Matthew Wahab June 2, 2016, 7:39 a.m. UTC | #15
On 01/06/16 15:43, Christophe Lyon wrote:
> On 13 May 2016 at 15:41, Ramana Radhakrishnan <ramana.gcc@googlemail.com> wrote:
>> On Thu, Apr 28, 2016 at 10:20 AM, Matthew Wahab
>> <matthew.wahab@foss.arm.com> wrote:
>>>
>>> This patch enables data movement for HF-mode values using VFP registers,
>>> when they are available, to support passing arguments and return values
>>> through the registers.
>>>
[..]
>>> HF-mode data moves.
>>>
>>> Tested for arm-none-eabi with cross-compiled check-gcc and for
>>> arm-none-linux-gnueabihf with native bootstrap and make check.
>>>
>>> Ok for trunk?
>>> Matthew
>>
>> This is OK - thanks.
>
> Hi,
>
> I'm seeing regressions on non-hf targets (arm-none-eabi,
> arm-none-linux-gnueabi):
> new FAIL:
> gcc.target/arm/aapcs/neon-vect10.c execution test
> gcc.target/arm/aapcs/neon-vect9.c execution test
>
> I'm using QEMU (2.4.1).

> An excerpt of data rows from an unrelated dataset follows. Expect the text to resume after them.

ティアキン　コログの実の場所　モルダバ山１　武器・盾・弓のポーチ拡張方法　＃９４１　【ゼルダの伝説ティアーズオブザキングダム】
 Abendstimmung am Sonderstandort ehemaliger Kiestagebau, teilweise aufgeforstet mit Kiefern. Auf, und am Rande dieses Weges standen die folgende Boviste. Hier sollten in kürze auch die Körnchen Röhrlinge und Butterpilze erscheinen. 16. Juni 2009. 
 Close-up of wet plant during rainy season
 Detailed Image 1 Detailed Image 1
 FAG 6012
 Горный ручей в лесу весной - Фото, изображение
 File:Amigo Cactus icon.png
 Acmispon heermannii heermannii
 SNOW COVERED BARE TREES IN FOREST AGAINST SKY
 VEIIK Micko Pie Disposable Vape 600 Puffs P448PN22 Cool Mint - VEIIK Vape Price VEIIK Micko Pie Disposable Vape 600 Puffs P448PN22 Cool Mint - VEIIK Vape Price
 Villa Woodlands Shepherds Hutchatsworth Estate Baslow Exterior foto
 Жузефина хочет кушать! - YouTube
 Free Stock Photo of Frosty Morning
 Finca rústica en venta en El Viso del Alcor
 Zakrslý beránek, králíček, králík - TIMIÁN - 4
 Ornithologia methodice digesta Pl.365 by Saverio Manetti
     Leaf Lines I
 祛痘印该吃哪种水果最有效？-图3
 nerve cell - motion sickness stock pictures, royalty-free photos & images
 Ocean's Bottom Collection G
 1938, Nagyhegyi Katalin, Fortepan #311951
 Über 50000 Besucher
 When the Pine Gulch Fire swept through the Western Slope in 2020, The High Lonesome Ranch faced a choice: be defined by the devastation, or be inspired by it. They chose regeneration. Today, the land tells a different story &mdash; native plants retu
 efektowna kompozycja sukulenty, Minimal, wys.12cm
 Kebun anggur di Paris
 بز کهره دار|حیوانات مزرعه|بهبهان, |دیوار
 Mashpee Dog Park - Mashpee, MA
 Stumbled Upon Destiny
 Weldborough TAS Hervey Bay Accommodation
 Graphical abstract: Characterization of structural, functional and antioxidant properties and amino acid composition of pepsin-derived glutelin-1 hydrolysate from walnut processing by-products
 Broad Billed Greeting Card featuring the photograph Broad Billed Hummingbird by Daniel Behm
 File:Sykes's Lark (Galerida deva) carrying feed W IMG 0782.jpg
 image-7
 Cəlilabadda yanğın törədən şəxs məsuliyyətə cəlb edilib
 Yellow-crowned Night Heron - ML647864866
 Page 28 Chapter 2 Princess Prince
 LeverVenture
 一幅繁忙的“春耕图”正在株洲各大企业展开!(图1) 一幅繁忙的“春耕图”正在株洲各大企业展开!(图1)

You said you tested arm-none-eabi, so I'm
> probably missing something?
>
> Christophe

Hi,

This has also appeared in our internal testing in some configurations. 
It's due to mfloatabi=soft or mfloat-abi=softfp being added to the end 
of the command line for the tests. That overrides the mfloat-abi=hard 
option that the tests need. I'm just finishing up a patch to fix this.

Matthew
diff mbox

Patch

[PATCH] [ARM] Enable __fp16 as a function parameter and return type.

The ARM target supports the half-precision floating point type __fp16
but does not allow its use as a function return or parameter type. This
patch removes that restriction and defines the ACLE macro
__ARM_FP16_ARGS to indicate this. The code generated for passing __fp16
values into and out of functions depends on the level of hardware
support but conforms to the AAPCS (see
http://infocenter.arm.com/help/topic/com.arm.doc.ihi0042f/IHI0042F_aapcs.pdf).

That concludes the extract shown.